Announcing his run for the Republican Party nomination in March 1999, McCain was the main challenger to Texas Governor George W. Bush, who had the political and financial support of most of the party establishment. McCain staged an upset win in the February 2000 New Hampshire primary, capitalizing on a message of political reform and "straight talk" that appealed to moderate Republican and independent voters and to the press. McCain's momentum snowballed when he won the South Carolina primary later that month, in a contest that became famous for its bitter nature and an underground smear campaign run against McCain.
Following his upset McCain won subsequent primaries, after the March 2000 Super Tuesday contests he was well ahead in delegates and following Bush's dropping out was the presumptive nominee. He grudgingly chose Bush two months later as his running mate for the general election.

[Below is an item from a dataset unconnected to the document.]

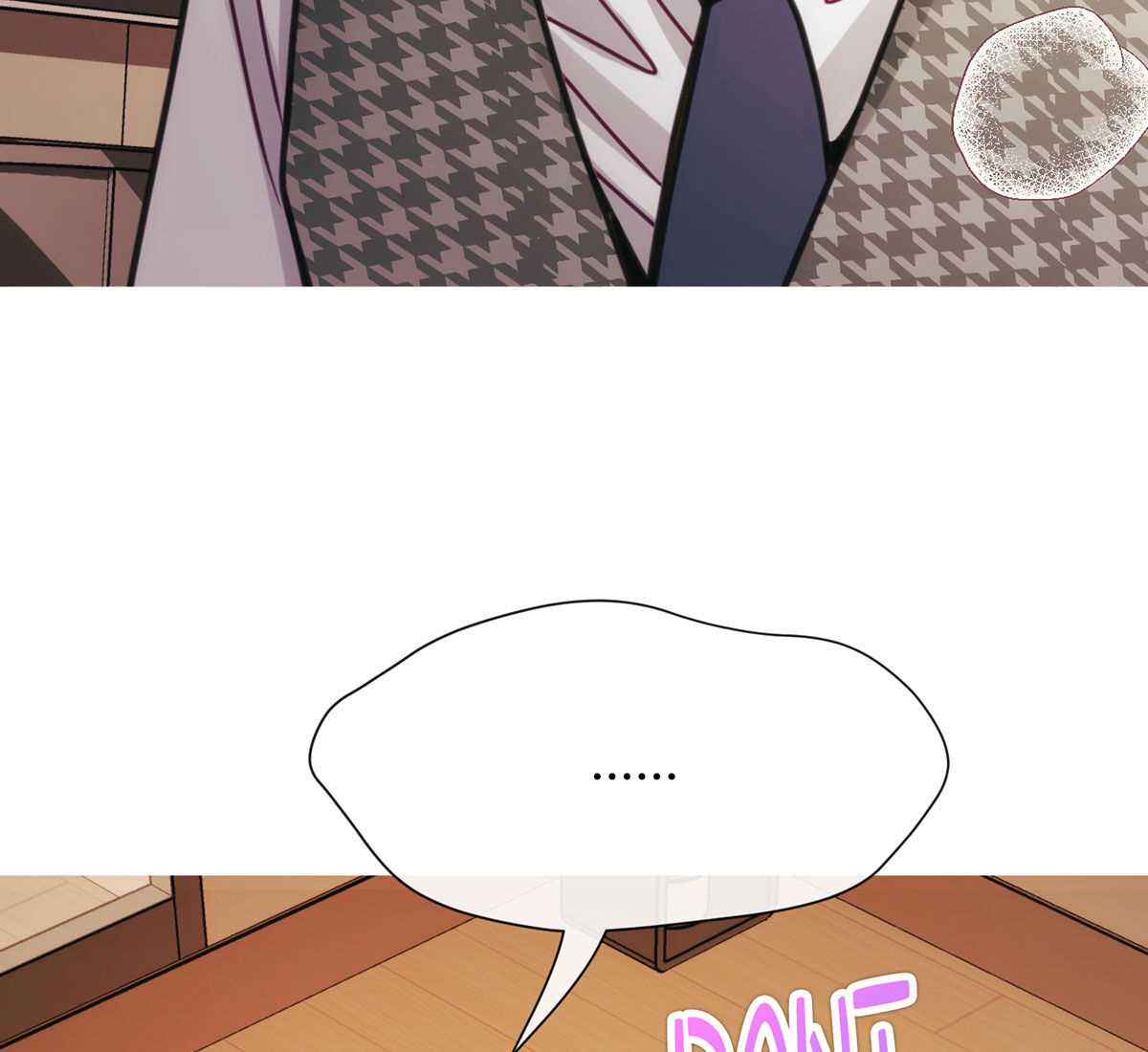 In Love With the Friend&#8217;s Mother - Chapter 36 93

In the general election against Democratic nominee Vice President Al Gore, McCain led or was on par most of the time, never gaining a lead of more than 5 ponits in national polls for a considerable amount of time. Able to gain traction against Gore in presidential debates, the final stages of the campaign saw McCain make considerable gains amongst independents while struggling to hold support from the conservative base of the Republican Party. On November 2, 2000, McCain defeated Gore in the presidential election, winning with a 276-262 electoral college vote margin and a very slim percent popular vote edge.